## Data provided
'''
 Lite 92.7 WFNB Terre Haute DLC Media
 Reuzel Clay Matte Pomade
'''
'''
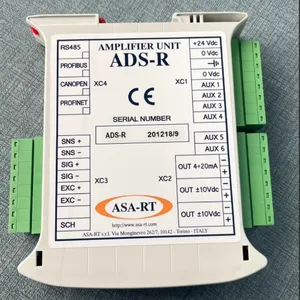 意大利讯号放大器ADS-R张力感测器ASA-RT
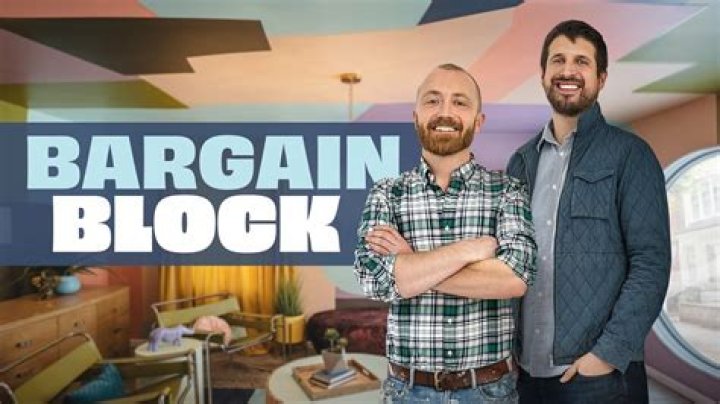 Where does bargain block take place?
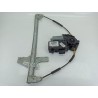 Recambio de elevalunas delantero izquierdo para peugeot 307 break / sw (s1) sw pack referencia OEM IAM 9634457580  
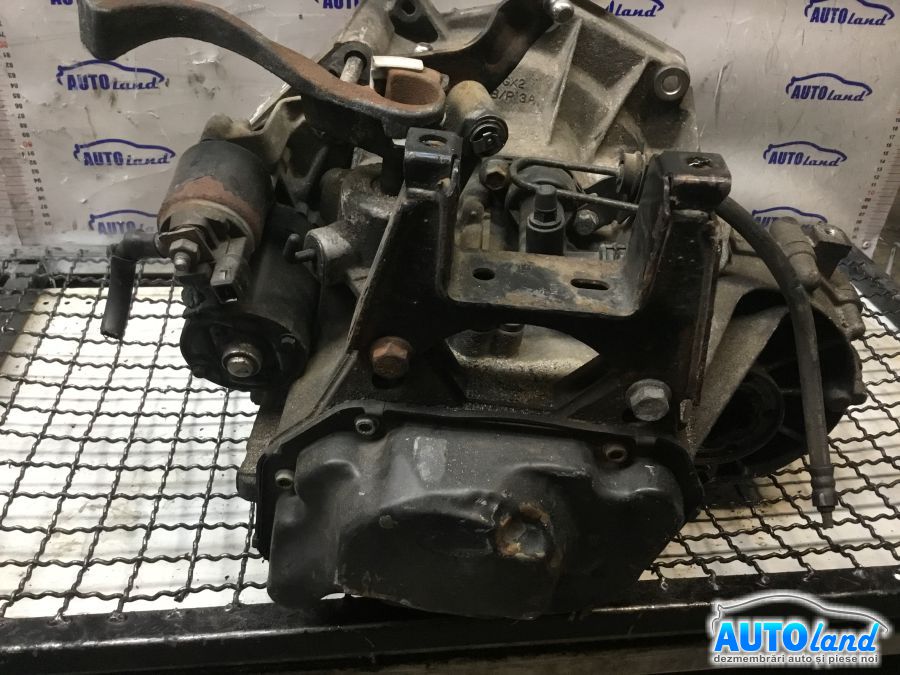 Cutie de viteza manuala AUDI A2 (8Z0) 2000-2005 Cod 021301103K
'''
'''
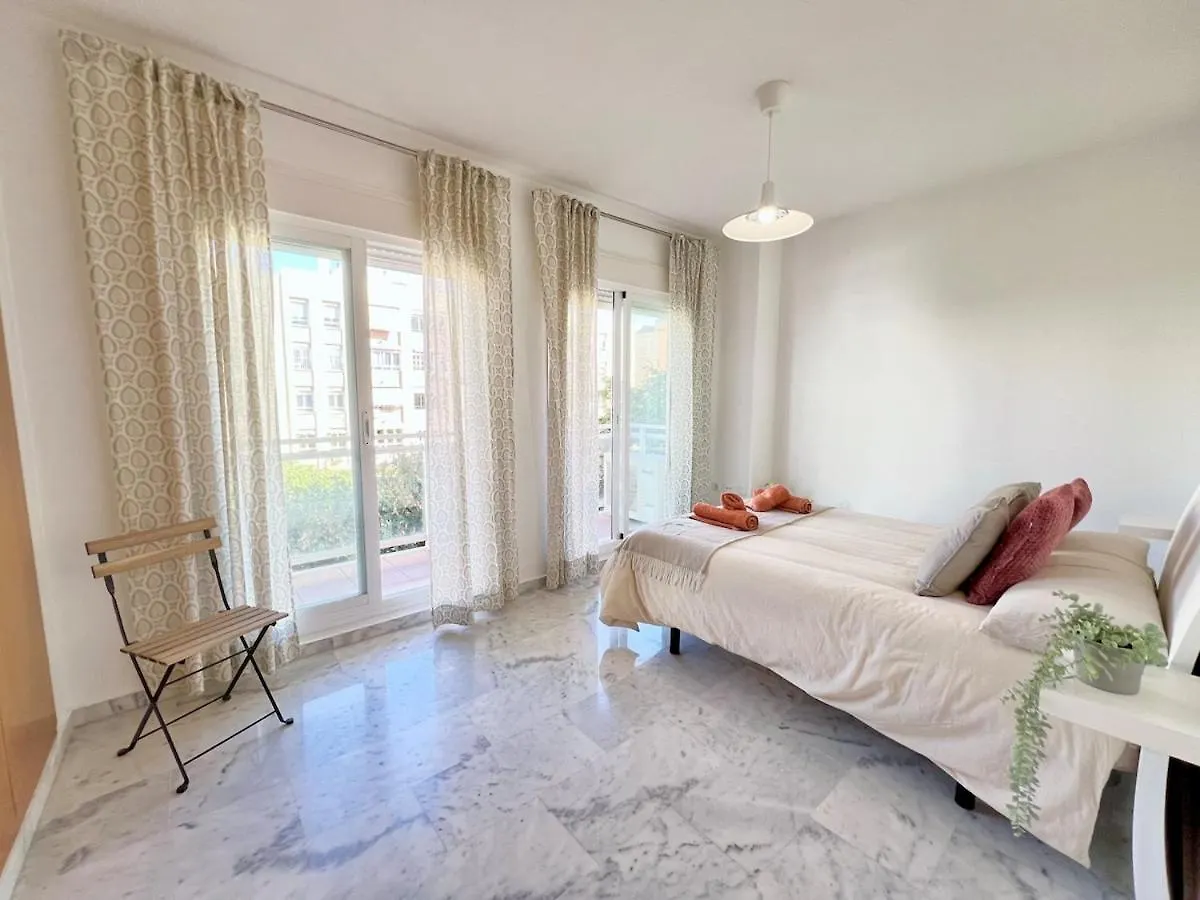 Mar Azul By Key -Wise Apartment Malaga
'''
## Instructions for the task
Set down exactly the lines above, from the line containing "意大利讯号放大器ADS-R张力感测器ASA-RT" through the line containing "Cutie de viteza". Skip the pictures.

## Response to this exercise
 意大利讯号放大器ADS-R张力感测器ASA-RT
 Where does bargain block take place?
 Recambio de elevalunas delantero izquierdo para peugeot 307 break / sw (s1) sw pack referencia OEM IAM 9634457580  
 Cutie de viteza manuala AUDI A2 (8Z0) 2000-2005 Cod 021301103K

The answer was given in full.